On. Luciana Pedoto (PD)

Premesso che:
alla luce dei dati più recenti sul fumo in Italia, risulta che il numero di giovani che fanno uso di sigarette non si è affatto ridotto; nel 2009, dicono le statistiche, il numero dei giovani fumatori è passato dal 24 per cento dell'anno precedente al 29 per cento.
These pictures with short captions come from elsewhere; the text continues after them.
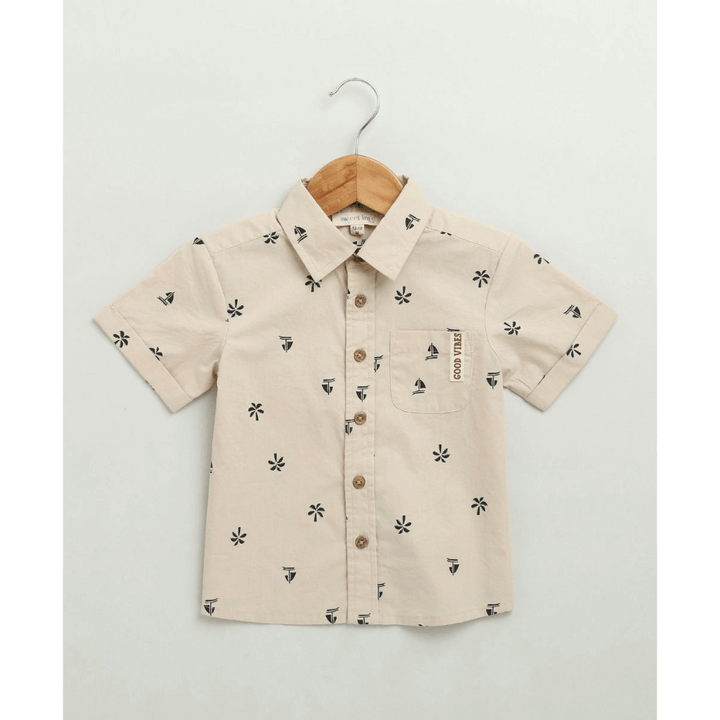Sweetlime By AS Beige Boat Printed Cotton Poplin Co-ord Set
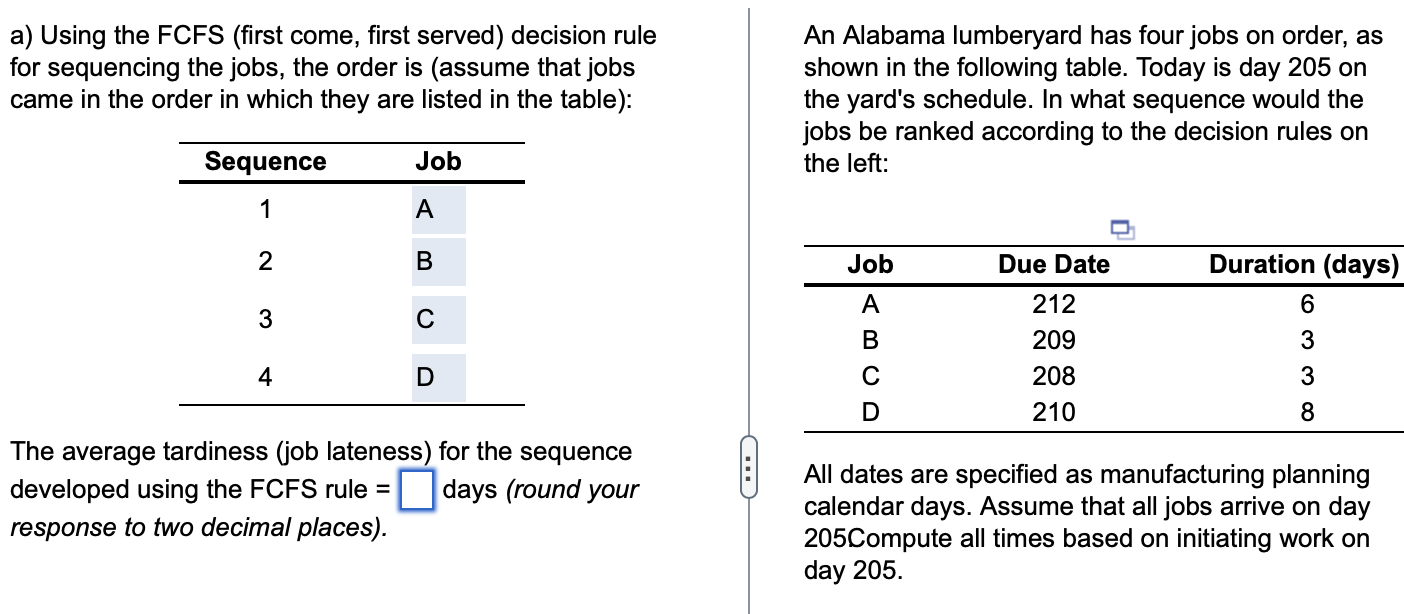  a) Using the FCFS (first come, first served) decision rule for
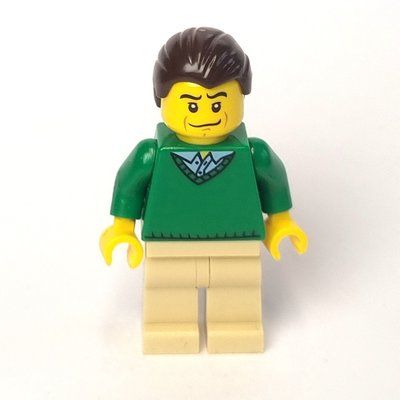 Figurine Man, Green V-Neck Sweater, Tan Legs, Dark Brown Hair du set 4442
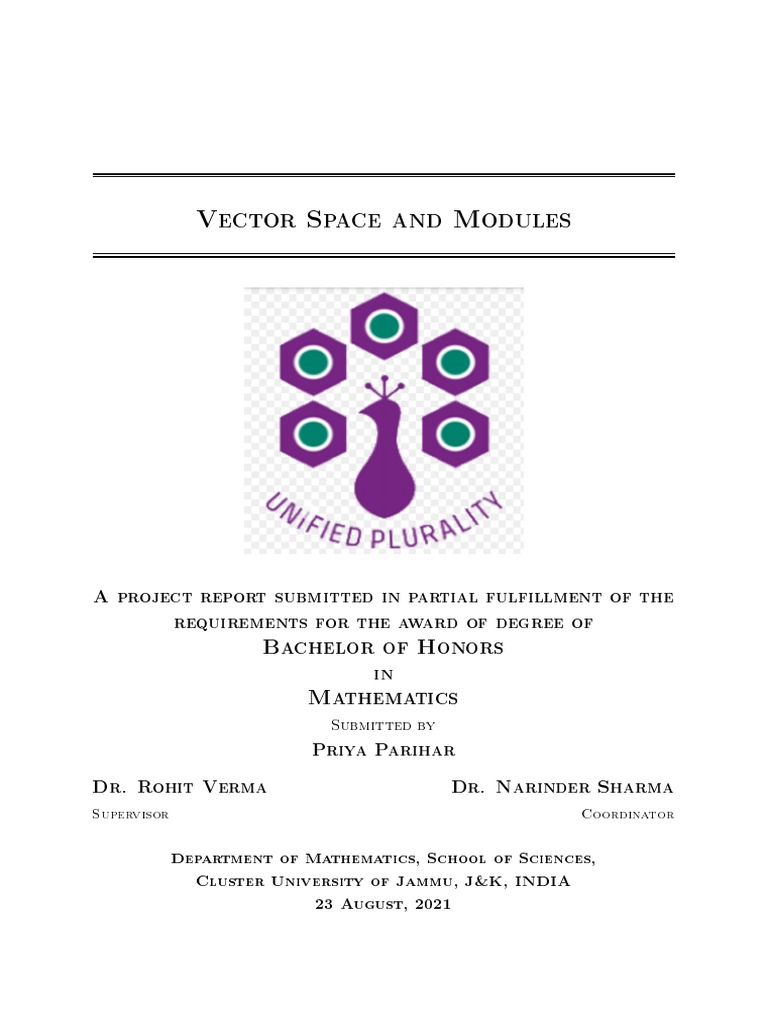 Vector Spaces Project-F | PDF | Linear Subspace | Linear Map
Vale a dire che oggi in Italia quasi due milioni di ragazzi hanno già acceso la prima sigaretta e la maggior parte lo ha fatto prima dei 16 anni; in molte trasmissioni televisive non solo non si affronta l'argomento dei danni provocati dal tabagismo e neanche quello della disassuefazione, anzi si danno «lezioni di fumo» (ad esempio il «Grande Fratello»), che ad avviso dell'interrogante costituiscono pubblicità indiretta al tabagismo, senza spiegare in realtà cosa il tabagismo produce; la giornata mondiale senza tabacco è solo un simbolo che ha bisogno di altri 364 giorni di impegno riguardo alle politiche antifumo: in tema di educazione alla salute è importante che i ragazzi capiscano ed imparino che il fumo è dannoso per loro e per chi sta intorno a loro: secondo l'interrogante, sarebbe opportuno iniziare ad evitare spettacoli diseducativi in televisione -:
come il Ministro interrogato abbia utilizzato i fondi destinati alle politiche antifumo, a quanto ammontino e a chi siano stati erogati;
come le citate risorse siano state impiegate dai soggetti che ne hanno beneficiato, con particolare riferimento all'esigenza di evitare la diffusione di un'immagine artefatta di stili di vita legati non alla tutela della salute ma all'apparire, inteso nel senso effimero del termine;
se attualmente esiste un follow up di successi o di insuccessi che possa essere di indicazione al Governo per migliorare le strategie di prevenzione o repressione future;
se i Ministri non ritengano opportuno predisporre delle campagne contro il fumo nelle scuole secondarie di primo e secondo grado, affinché i ragazzi imparino a capire che il fumo è dannoso.